Bremmer è il presidente dell’Eurasia Group, una compagnia che fa analisi dei political risk a livello globale, e ha visitato di recente la regione.
Perché la protesta di Hong Kong è simile a quella ucraina?
«La Russia non consentirà mai che l’Ucraina abbandoni completamente la sua sfera di influenza, si tratta solo di stabilire le condizioni del rapporto. A maggior ragione Pechino non consentirà mai a Hong Kong di andare per la sua strada, perché questo comprometterebbe la stabilità nazionale».
La protesta non ha la forza di far ascoltare la sua richiesta di autonomia?
«Quando ci fu il passaggio dalla Gran Bretagna, Hong Kong valeva il 15% dell’economia cinese, ora solo il 2,5%. Non sono numeri abbastanza significativi da spingere Pechino al compromesso».
Perché?
«Il presidente Xi è un riformatore, ma sul piano economico: vuole che il Paese si evolva, crescendo sulla base di un modello più simile a quello delle economie liberali. Sul piano politico, però, è un accentratore, proprio perché per riuscire nel suo progetto non può permettersi defezioni. Dunque il danno politico di una Hong Kong libera di andare per la sua strada democratica è enormemente più grande dei vantaggi economici che può offrire. Ormai, se uno vuole investire in Cina, può andare a Shanghai, Guangzhou o Pechino. Non c’è più bisogno di passare da Hong Kong».
Lei prevede il rischio di violenze?
«Finora Xi ha consentito alle forze locali di gestire la crisi. È possibile che ci riescano, e magari la comunità degli affari convincerà i manifestanti a fermarsi. Se la situazione però non si calmerà da sola, Pechino interverrà, e allora esiste il concreto rischio di uno spargimento di sangue».
Una nuova Tiananmen?
«Sul piano politico no, perché i manifestanti di Hong Kong non hanno l’appoggio del resto della popolazione cinese, che li considera bambini viziati e si sente maltrattata da loro. Proprio per questo, però, il governo centrale non può consentire all’ex colonia britannica di dettare le regole, minacciando così la stabilità in tutto il Paese. Se dunque i manifestanti non si fermeranno, Pechino non esiterà ad usare la violenza, anche perché il resto del mondo non può fare granché per fermarla».
A metà novembre il presidente Obama dovrebbe andare a Pechino, per il vertice dell’Apec e una visita bilaterale, che era stata presentata come l’occasione per ricostruire il rapporto. Non potrebbe annullarla, come ha fatto con il G8 a Sochi?
«Non credo.
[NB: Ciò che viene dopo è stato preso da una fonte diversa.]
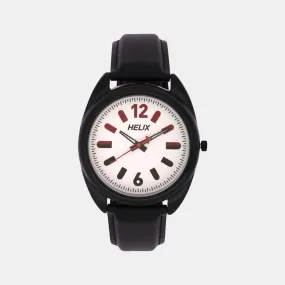 Men Analog Leather Watch TW038HG03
La relazione con la Cina è troppo importante per gli Usa per comprometterla a causa del destino di Hong Kong».
Anche se ci fossero violenze come quelle esplose all’epoca di Tianamen?
«Io credo che il presidente Obama, come tutti i leader occidentali, alzerà la voce e condannerà l’eventuale uso della forza, ma senza spingersi alle iniziative prese contro la Russia, che peraltro non hanno avuto grandi effetti fino a questo momento. Il governo cinese, da parte sua, finora ha dimostrato prudenza, non mandando l’esercito nelle strade. Pechino cercherà una soluzione pacifica, ma restando assolutamente ferma sulle questioni di fondo».